If India is to become a manufacturing powerhouse it will need to make things easier for people like Nikhil Nanda, joint managing director of Escorts Ltd, a New Delhi-based tractor maker.
The company self-generates up to 40 percent of its power, scrambles to find and retain staff to operate increasingly sophisticated machinery and must ride herd over a stretched supply chain struggling to keep up with demand — all typical of challenges faced by the country’s manufacturers.
“It’s very difficult to find skilled labor,” Nanda said.
“In terms of forgings, in terms of castings, you have tire shortages ... we are working very, very closely with the supply chain in requesting them to enhance their capacity and then you have so many players who are going after one supplier or four suppliers for the same issue,” he said.
Heavily reliant on services, India must shift economic gears towards manufacturing if it is to maintain near-double digit growth and, more importantly, absorb the more than 10 million people set to join the workforce annually in the coming years.
While New Delhi is aware of the challenge and aims to lift manufacturing’s share of the economy to 25 percent over the next decade from about 16 percent now, getting there looks daunting.

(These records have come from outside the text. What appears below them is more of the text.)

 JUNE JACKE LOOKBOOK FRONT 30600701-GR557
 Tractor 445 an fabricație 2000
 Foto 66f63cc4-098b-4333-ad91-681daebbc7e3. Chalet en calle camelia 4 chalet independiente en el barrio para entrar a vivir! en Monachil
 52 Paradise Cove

Infrastructure is improving but remains poor, the country suffers from a costly talent shortage despite its 1.3 billion people, labor laws are restrictive, land acquisition is difficult and red tape and corruption are rampant.
Supply chains are underdeveloped, capital tends to be expensive and conditions vary dramatically between states.

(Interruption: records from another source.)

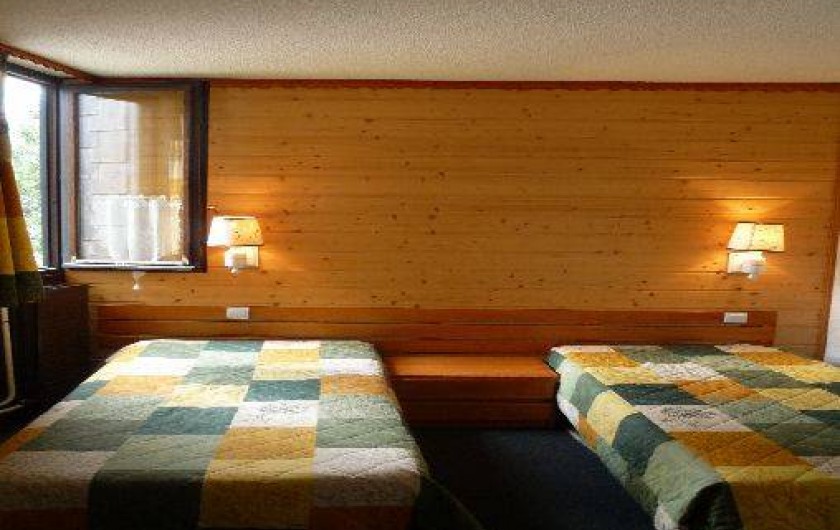 Location de vacances - Appartement à Les Menuires - Chambre : lits séparés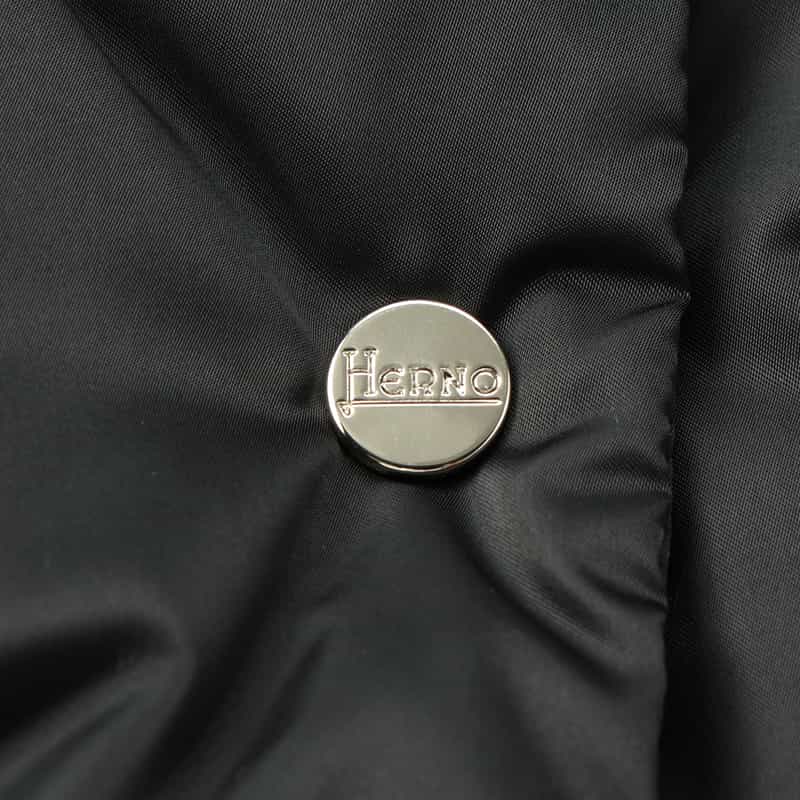 HERNO HERNO＜ヘルノ＞スタンドカラーダウンコート BLACK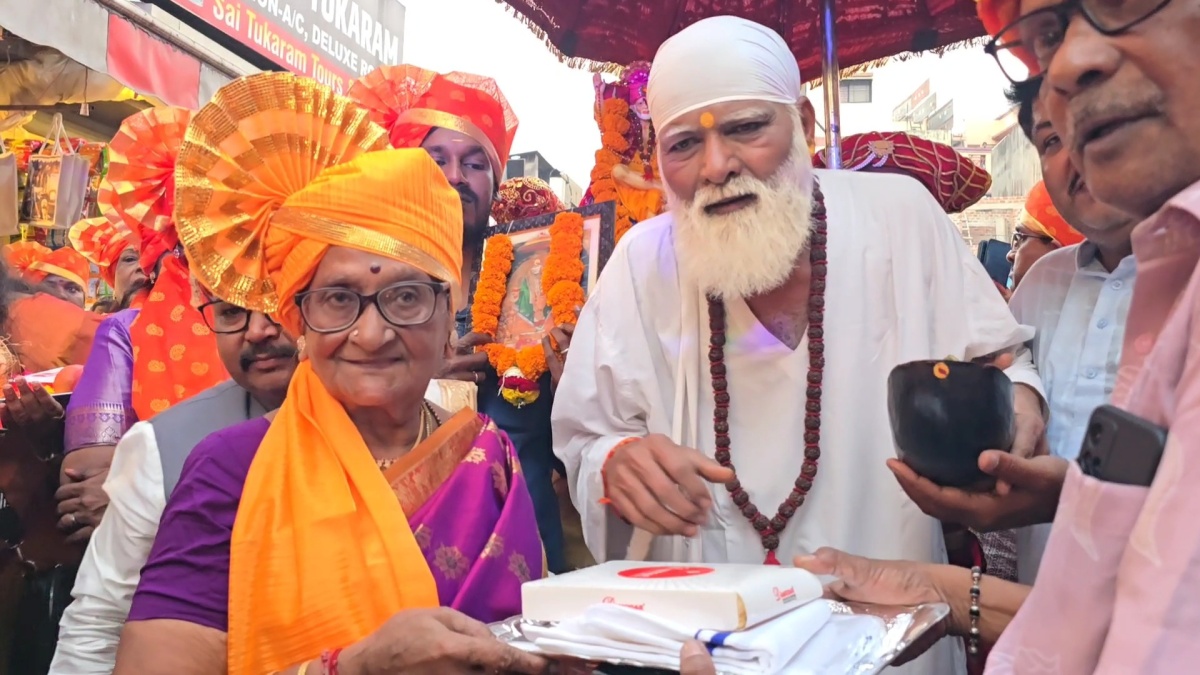 70-Year-Old Devotee From Chennai Fulfils Dream Of Taking Out Shirdi Sai Baba’s Grand Palanquin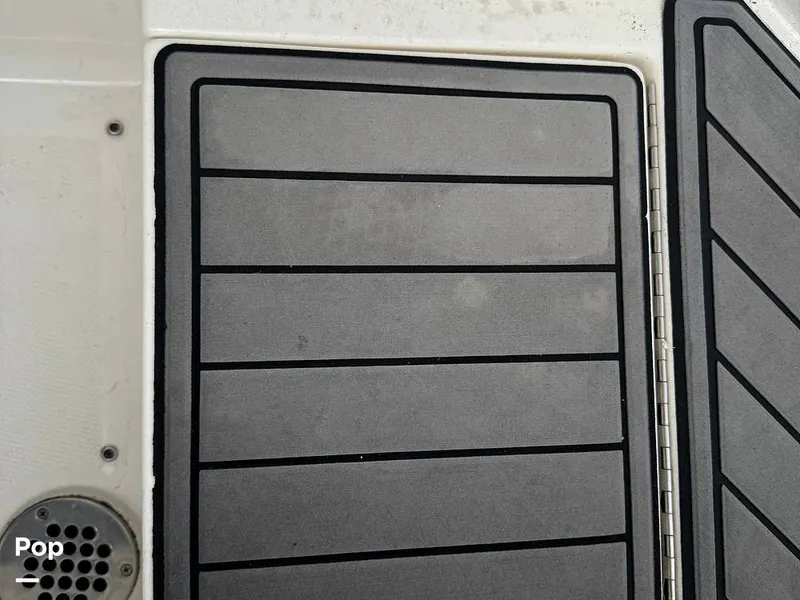 Slide: The Image of Sea Ray SLX 310 OB 2019 - 14953269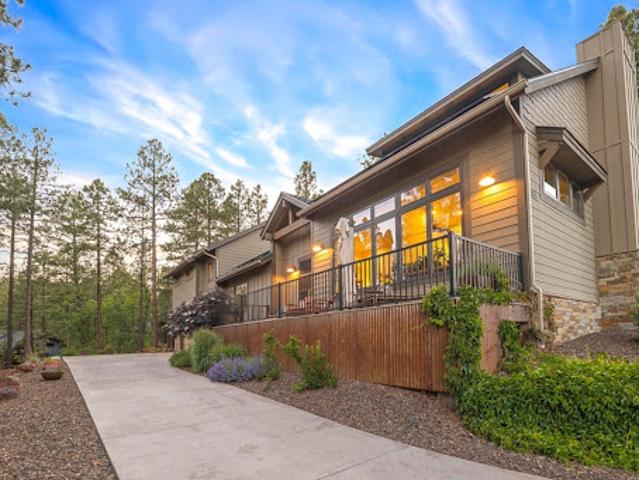 House for sale in Flagstaff, Arizona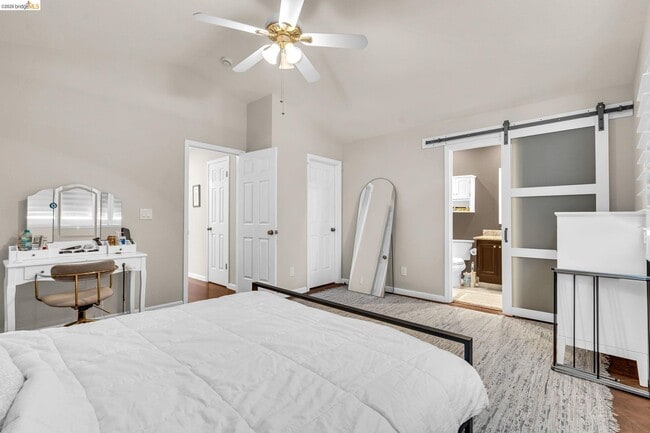 Building Photo - 2451 Cherry Hills Dr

Those constraints mean most manufacturing operations in India are small and unable to exploit economies of scale.
“If you look at the growth of manufacturing in the NIEs [newly industrialized economies], if you look at it in China — it all came from one very strong source, which was mass manufacturing. You’re still lacking that in India,” said Sanjay Mathur, economist at Royal Bank of Scotland in Singapore.
In its favor, India boasts a vibrant corporate sector, a huge domestic market and a favorable demographic outlook that, with better training, education and government policies, could turn it into a global force in manufacturing.

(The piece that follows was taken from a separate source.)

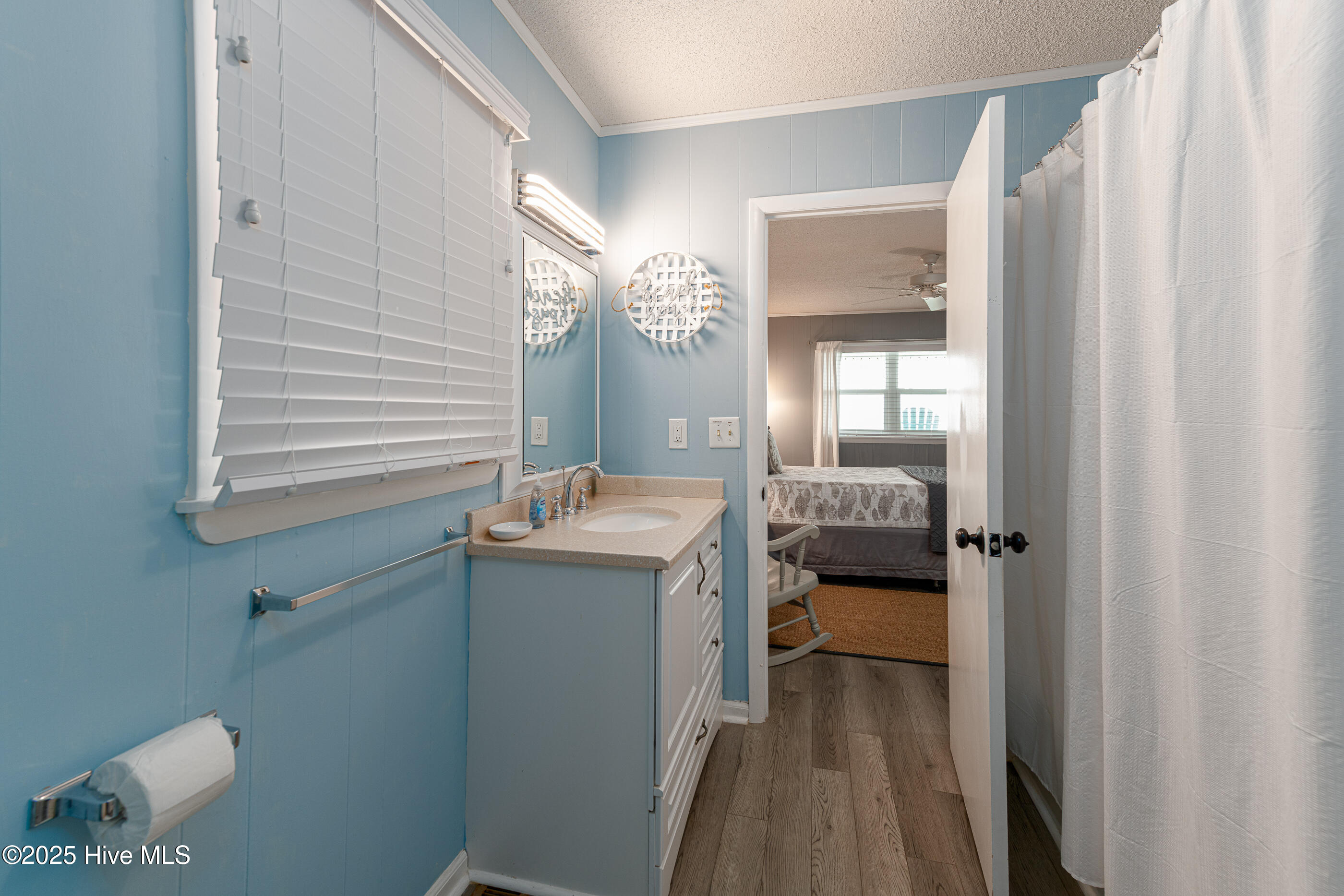 100557462 | Photo 36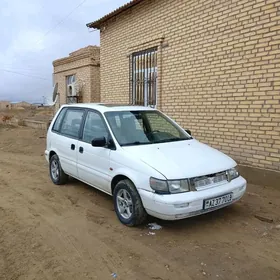 Mitsubishi RVR 1993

“There has to be a fast tracking on all these fronts — on labor, on policymaking, on clearances,” Nomura economist Sonal Varma said.
“At this stage it does not look like we have done all that groundwork,” she said.
India’s software sector is world-class, leveraging lower costs to export services from high-tech hubs, such as Bangalore and Hyderabad, to the US and Europe.
That success has fueled the notion that India might make the jump straight from an agricultural economy to one based on services, bypassing the manufacturing stage.
That’s a leap that no major economy has pulled off.
Manufacturing in India accounts for roughly the same share of its economy as peers Brazil and Russia, which unlike India are also big exporters of natural resources. By comparison, Thailand generates 40 percent of its output from manufacturing, while in China the figure is 34 percent.
Services can’t be the sole locomotive for the Indian economy in large part because the sector does not create enough jobs. Services account for about 55 percent of GDP in Asia’s third-largest economy, but just 25 percent of employment.
Agriculture accounts for about 15 percent of the economy, a share that is shrinking, but employs 58 percent of workers.
“India is going to add something like 150 million-odd workers over the next 10 years. The employment elasticity in the services sector is not that much, which means the manufacturing sector has to absorb that,” Varma said.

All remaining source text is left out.